# Setup libraries, parameters and roles

In [1]:

import boto3
import sagemaker
from sagemaker import get_execution_role
from sagemaker.processing import ScriptProcessor, Processor, ProcessingInput, ProcessingOutput


In [2]:

s3_bucket   = 'test-container-sagemaker-processing'
script_name = 'test_container.py'
image_uri   = '684530550045.dkr.ecr.us-east-2.amazonaws.com/train_automl'

parameter1  = 'hello world'


In [3]:

session           = boto3.session.Session(profile_name = 'default')
sagemaker_session = sagemaker.Session(boto_session = session)
role              = 'arn:aws:iam::684530550045:role/sagemaker-role'


# Write test_container.py

In [4]:
%%writefile test_container.py

import h2o
import logging
import argparse

from opt.program.shared_core_data_processing import * 

if __name__ == '__main__':
    
    # Parse parameters
    parser = argparse.ArgumentParser()
    parser.add_argument('--parameter1')
    
    args, _ = parser.parse_known_args()
    
    parameter1 = args.parameter1
    
    print(parameter1)
    
    h2o.init()
    

Overwriting test_container.py


# Upload .py from local to S3

In [5]:

sagemaker_session.upload_data(bucket = s3_bucket, key_prefix = 'scripts', path = script_name)

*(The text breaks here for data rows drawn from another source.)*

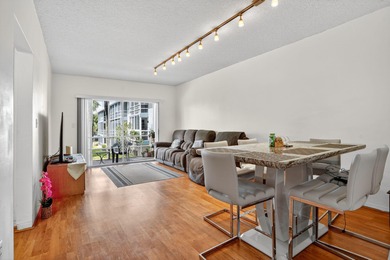 Welcome to this spacious 2-bedroom condo in a highly desirable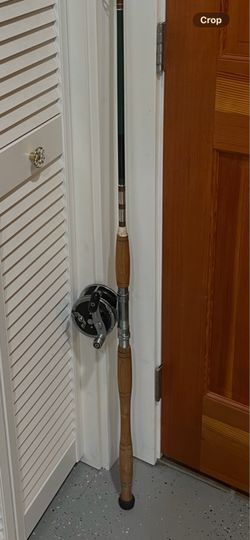 Halibut Fishing Gear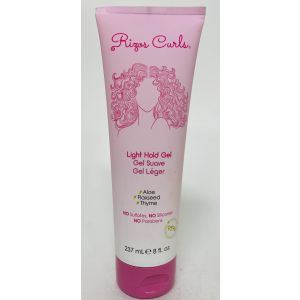 Rizos Curls - Light Hold Gel 8 fl oz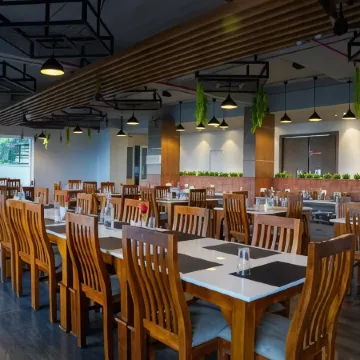 Vaga Nakshathra Suites
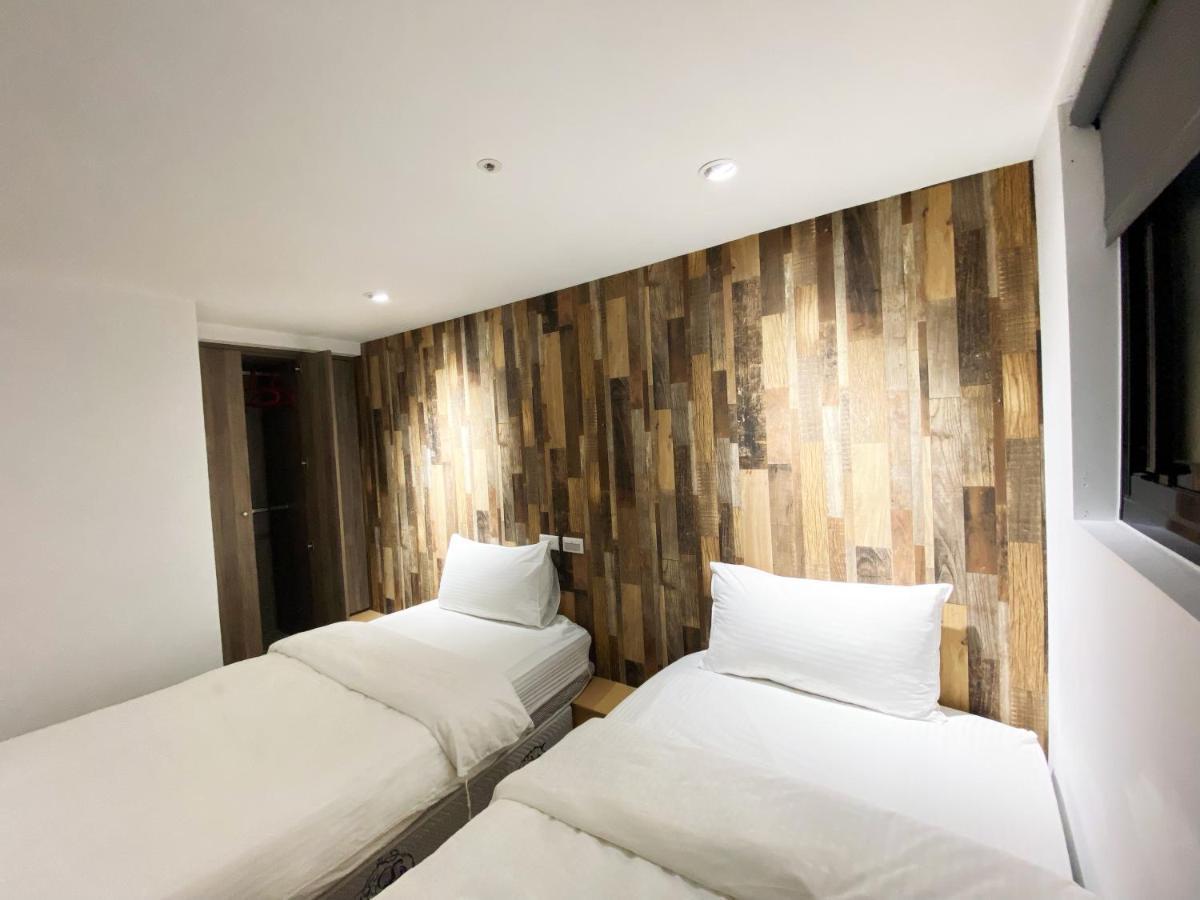 Inn M Taipei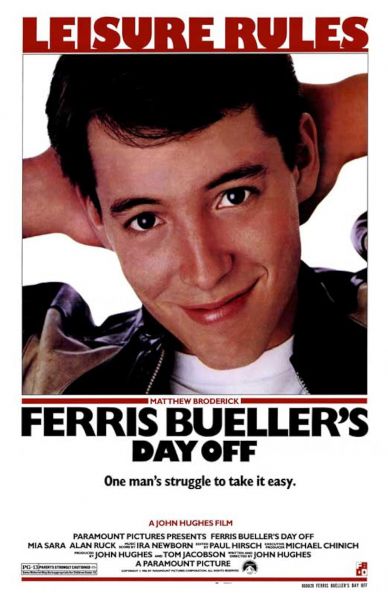 watch-Ferris Bueller s Day Off
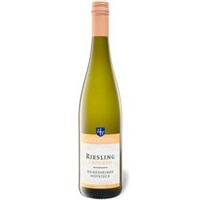 Deidesheimer Weinmanufaktur Deidesheimer Hofstück Riesling Pfalz QbA trocken, Weißwein - Mindestbestellmenge 6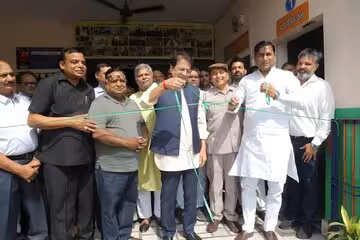 Ramayan star steps in for community healthcare outreach.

's3://test-container-sagemaker-processing/scripts/test_container.py'

# Run Sagemaker Processing Job

In [6]:

processor = ScriptProcessor(
                            image_uri              = image_uri,
                            role                   = role,
                            instance_count         = 1,
                            instance_type          = 'ml.m5.large',
                            command                = ['python3'],
                            sagemaker_session      = sagemaker_session,
                            max_runtime_in_seconds = 1800,
                            base_job_name          = 'train-automl'
                           )

processor.run(
              code      = f's3://{s3_bucket}/scripts/{script_name}',
              arguments = [
                           '--parameter1', parameter1
                          ],
              wait      = False
             )



Job Name:  train-automl-2022-04-27-13-28-32-545
Inputs:  [{'InputName': 'code', 'AppManaged': False, 'S3Input': {'S3Uri': 's3://test-container-sagemaker-processing/scripts/test_container.py', 'LocalPath': '/opt/ml/processing/input/code', 'S3DataType': 'S3Prefix', 'S3InputMode': 'File', 'S3DataDistributionType': 'FullyReplicated', 'S3CompressionType': 'None'}}]
Outputs:  []